This is already a good and fast approximation to $\ln(1+x)$ and in many applications like realtime displays can be used as a basis for logarithmic scaling with a few minor modifications for integer arithmetic.

Where greater accuracy is required the expression can be optimised by least squares fitting of the coefficients over the range 0-1. This yields:

$$p'\{ \ln( 1+x ) \} = \frac{x \cdot (6 + 0.7662\cdot x)}{5.9897 + 3.7658 \cdot x}$$

$\ln(1) = 0$, $\ln(2) = 0.69358$, $e_\mathrm{max} = 4.3E-4$, $e_\mathrm{max, rel} \lt 0.1\% $, $e_\mathrm{RMS} = 1.5E-4$

This is about as good as you can get with this simple formula, and these coefficients may be scaled up to suitable integers for use.

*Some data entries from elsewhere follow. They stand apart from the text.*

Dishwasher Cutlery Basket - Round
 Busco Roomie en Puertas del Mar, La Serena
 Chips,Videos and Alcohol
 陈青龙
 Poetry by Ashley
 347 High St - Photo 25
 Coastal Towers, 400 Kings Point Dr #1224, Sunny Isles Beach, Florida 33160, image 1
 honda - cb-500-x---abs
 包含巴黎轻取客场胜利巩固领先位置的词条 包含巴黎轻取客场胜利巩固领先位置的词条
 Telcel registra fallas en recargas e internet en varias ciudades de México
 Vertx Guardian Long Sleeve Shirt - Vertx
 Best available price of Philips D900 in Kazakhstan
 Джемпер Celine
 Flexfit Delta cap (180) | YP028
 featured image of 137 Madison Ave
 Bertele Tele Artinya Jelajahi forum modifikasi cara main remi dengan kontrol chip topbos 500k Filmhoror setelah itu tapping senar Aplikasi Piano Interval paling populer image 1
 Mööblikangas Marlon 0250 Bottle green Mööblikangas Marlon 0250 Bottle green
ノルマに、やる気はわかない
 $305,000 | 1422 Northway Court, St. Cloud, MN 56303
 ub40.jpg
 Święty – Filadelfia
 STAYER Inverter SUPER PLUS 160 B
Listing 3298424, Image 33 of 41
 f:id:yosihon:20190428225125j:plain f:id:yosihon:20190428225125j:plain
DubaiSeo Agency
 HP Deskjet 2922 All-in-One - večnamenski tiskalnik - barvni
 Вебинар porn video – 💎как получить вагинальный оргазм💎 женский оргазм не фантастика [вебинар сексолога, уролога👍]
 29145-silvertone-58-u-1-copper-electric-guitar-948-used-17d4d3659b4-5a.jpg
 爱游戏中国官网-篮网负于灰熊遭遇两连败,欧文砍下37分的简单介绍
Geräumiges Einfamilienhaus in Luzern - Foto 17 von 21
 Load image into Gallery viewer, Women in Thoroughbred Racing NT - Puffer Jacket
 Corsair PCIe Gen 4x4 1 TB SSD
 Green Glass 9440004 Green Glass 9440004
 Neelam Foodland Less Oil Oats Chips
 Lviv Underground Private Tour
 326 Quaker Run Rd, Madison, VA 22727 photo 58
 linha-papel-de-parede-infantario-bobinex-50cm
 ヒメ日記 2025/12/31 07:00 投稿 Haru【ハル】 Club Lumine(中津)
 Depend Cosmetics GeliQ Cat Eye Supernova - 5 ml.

Much higher accuracy is possible by starting from a better series:

Define: $y = x/(2+x)$, then $\ln{ \frac{1+y}{1-y} } = 2y + 2y^3/3 + 2y^5/5 + ... $

$\ln(1) = 0$, $\ln(2) = 0.69300$, $e_\mathrm{max} = -0.00014$

From which the Pade approximation yields:

$$P\{ \ln \frac{1+y}{1-y} \} = \frac{2y*(15 - 4y^2 )}{15 - 9y^2}$$

$\ln(1) = 0$, $\ln(2) = 0.693122 $, $e_\mathrm{max} = -0.000025$

Again this expression can also have its coefficients tweaked to improve accuracy over a narrow range still further.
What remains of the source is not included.